Foster + Partners, which has offices in the Abu Dhabi and Dubai, as well as across the globe, was immediately accused of breaching its own promises on climate change by campaigners. The 1,300-strong firm, which is still led by Lord Foster, 85, its founder, was one of the first signatories to the “Architects Declare” manifesto on climate change last year, committing to “evaluating all new projects against the aspiration to contribute positively to mitigating climate breakdown”.

The architecture firm said the terminal would be “akin to a private members club”
However, following the revelation of the new design, Friends of the Earth, the international pressure group, was quick to question the architects’ green credentials. Jamie Peters, Campaigns Director at Friends of the Earth, said: “Concern over damaging climate breakdown shouldn’t know geographical bounds, the last thing the planet needs is new airport capacity for more polluting flights. That goes for Stanstead [which was also designed by Lord Foster, the ] as well as Saudi Arabia.
“Foster + Partners are an internationally known firm who have said we must mitigate climate breakdown, making this proposal all the more apparently hypocritical. It’s not the surrounding landscape they should respond to, but the climate emergency.”
The criticism was echoed by others in the architecture profession. Andrew Waugh, an expert in sustainable design at Waugh Thistleton, added: “It’s hard to think of a worse building to be working on if you care at all about our planet.
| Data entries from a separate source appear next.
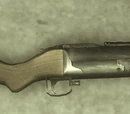 M-79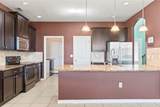 625 Silverthorn Place - Photo 17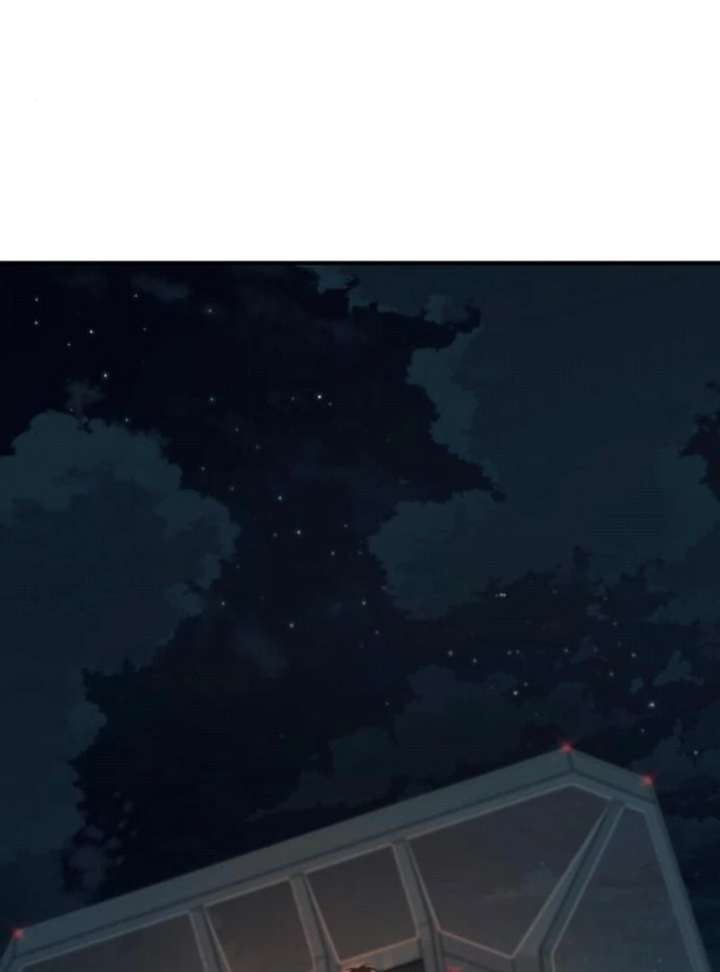 Everyone Loves Her Chapter 19 - Page 143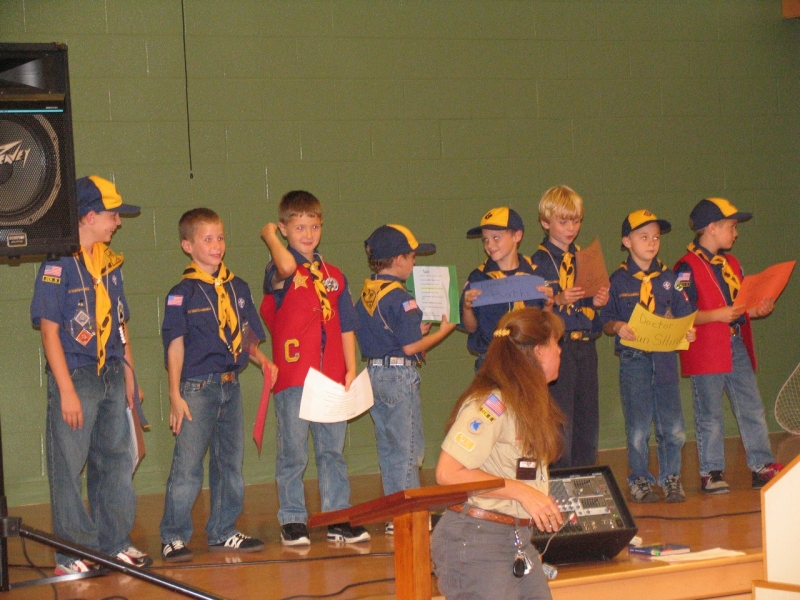 2011 SlideShow BlueAndGold-128.jpg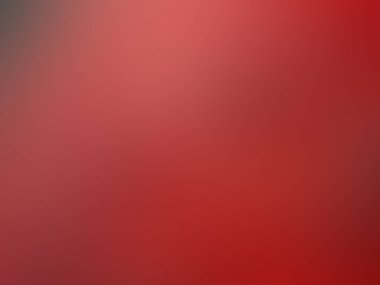 Modern dokulu arka plan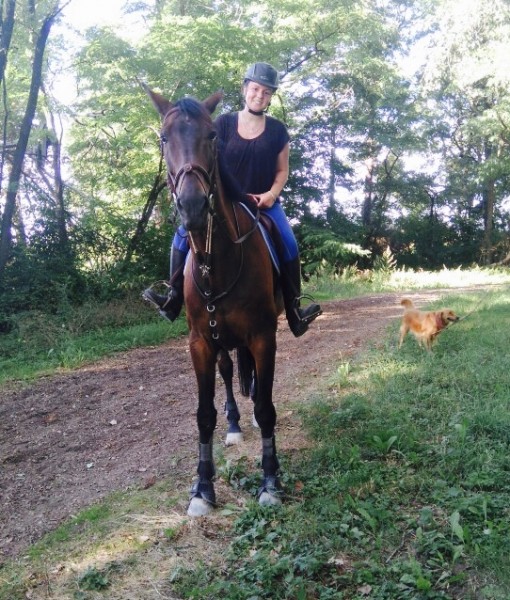 Photo de profil de cam26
“I’d love to see the real evidence of how they believe this project meets the obligations of a signatory of Architects Declare and the promises made to design net zero-carbon buildings. It’s sad to be let down by a company of such standing: they should be leading the world, not helping to finish it off.”
The ultra-exclusive Amaala resort is being built across a 4155 km sq site as part of the government’s ambitious Vision 2030 plan to transform Saudi Arabia’s economy and diversify it away from oil. Whilst the development aspires to be carbon-neutral in operation, the new airport could be used by up to a million passengers a year and is intended to attract ultra-high net worth travellers with the help of climate-controlled hangars for private jets and a ground transfer service from inside the place of arrival. Work is expected to be completed by 2023.
Revealing the design, Gerard Evenden, the Foster + Partners senior executive partner responsible, said the airport would be “akin to a private members club.”
“Responding to the surrounding landscape, the terminal building will form an exclusive gateway to the Amaala resort,” he said.
“The passenger experience through the entire building will be akin to a private members’ club – luxurious and relaxing. Focusing on the themes of art, wellbeing and sport, the design seeks to establish a new model for private terminals that provides a seamless experience from resort to aeroplane.”
Foster + Partners has won several prestigious projects in Saudi Arabia in recent years. The firm completed the kingdom’s first skyscraper, the Al Faisaliah centre, in 2000 and is currently working on the Jabal Omar hotel and apartment complex in Mecca and the Haramain high-speed rail network.
However, Lord Foster stepped down from the advisory board of the government’s Neom project, an ambitious £382 billion scheme to build a fully automated new city on the Red Sea, after the horrific murder of dissident journalist Jamal Khashoggi in the country’s Istanbul consulate in October 2018. The Neom project, which was intended to span the borders of Egypt and Jordan and create an independent trade zone with its own legislation, had been the centrepiece of the Vision 2030 strategy announced in 2016 by Crown Prince Mohammed bin Salman, the de facto ruler.